PATH Malaria Vaccines Initiative nets $156M from Gates Foundation

Ashley Birkett, director of the Malaria Vaccine Initiative

Malaria and the mosquitoes that carry it may soon have more to contend with than mosquito nets and insecticides, thanks to the PATH Malaria Vaccine Initiative (MVI) and a $156 million grant from the Bill & Melinda Gates Foundation.

The award, announced Sunday by foundation co-chair Bill Gates in a speech at the American Society of Tropical Medicine and Hygiene's annual meeting, will be used to focus on two types of vaccines: anti-infection vaccines (AIVs), which prevent people bitten by malaria mosquitoes from getting ill, and transmission-blocking vaccines (TBVs), which stop infected people from transmitting the parasite to mosquitoes. In particular, MVI will be focusing on vaccines that combine these two attributes, it said in a statement.

As Ashley Birkett, director of the Malaria Vaccine Initiative, told FierceVaccines, malaria parasites are becoming more and more drug-resistant, and the mosquitoes that carry them are developing a greater resistance to insecticides. And tools like bed nets don't address the human reservoirs of malaria, or people who have developed a natural immunity to malaria after multiple infections. These people harbor the parasite in their bodies, but do not present any symptoms.

Enter the Malaria Vaccine Initiative, which is looking to create new malaria vaccines to disrupt this cycle of malaria transmission.

There is currently no malaria vaccine for clinical use. GlaxoSmithKline's ($GSK) candidate, RTS,S, on which it partnered with the MVI, has the potential to become the first human vaccine ever against malaria and parasitic disease; Glaxo submitted RTS,S for assessment by the European Medicines Agency (EMA) and the WHO in July this year. However, Birkett said, RTS,S is designed to prevent only clinical malaria and it is, at this point, being developed for young African children among whom malaria mortality is the largest. Like the bed nets, it doesn't reduce the human reservoir of malaria.

While transmission-blocking vaccines could potentially go where GSK's can't, "malaria vaccines are not the whole answer, but they are part of the answer," Birkett said.

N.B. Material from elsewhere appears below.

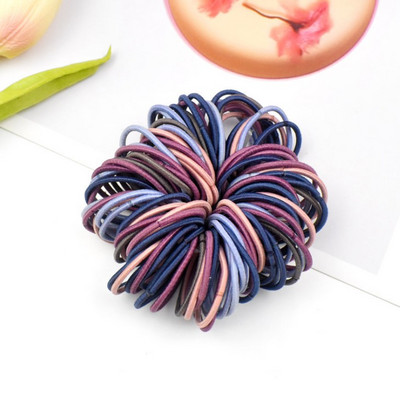 100 TK Tüdrukutele Armsad Nailonist Elastsed Juukselipsud Kummipaelad Juuksepaelad Lapse hobusesabahoidja Juuste Aksessuaarid Peakate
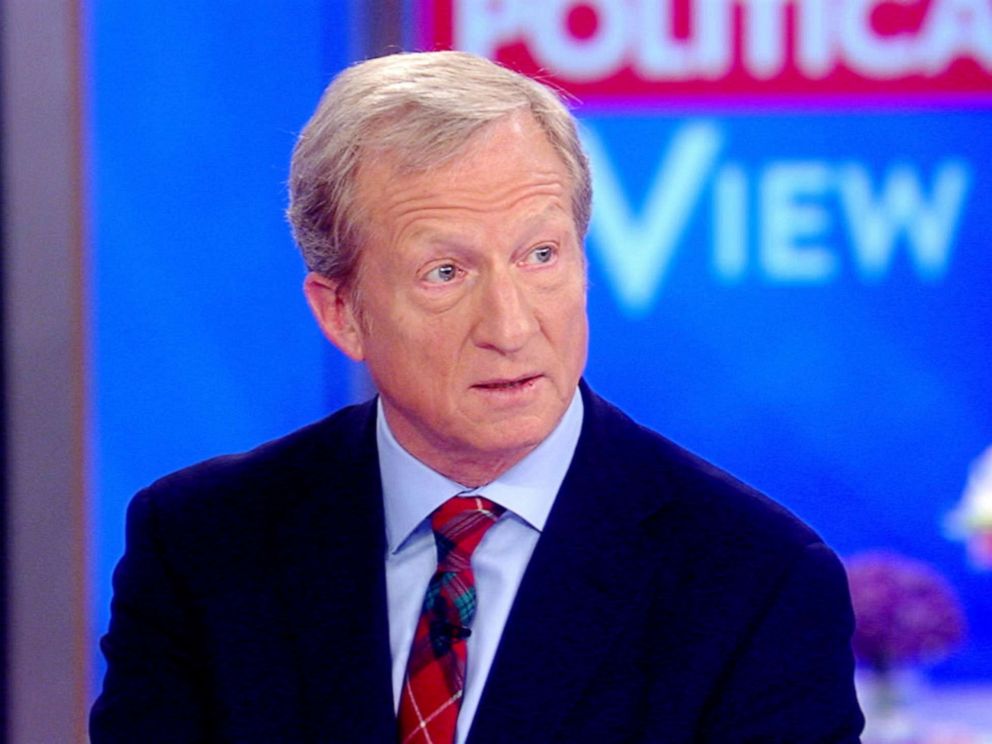 PHOTO: Tom Steyer appears on The View, Aug. 01, 2019.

There are many tools currently being deployed to fight malaria, including bed nets, indoor spraying of insecticides, rapid diagnostics and drugs to treat people when they become sick. But some of the tools may not be as effective in the future, which is why the MVI is looking for new tools to control and eradicate malaria. "[A vaccine] is not a magic bullet," Birkett said.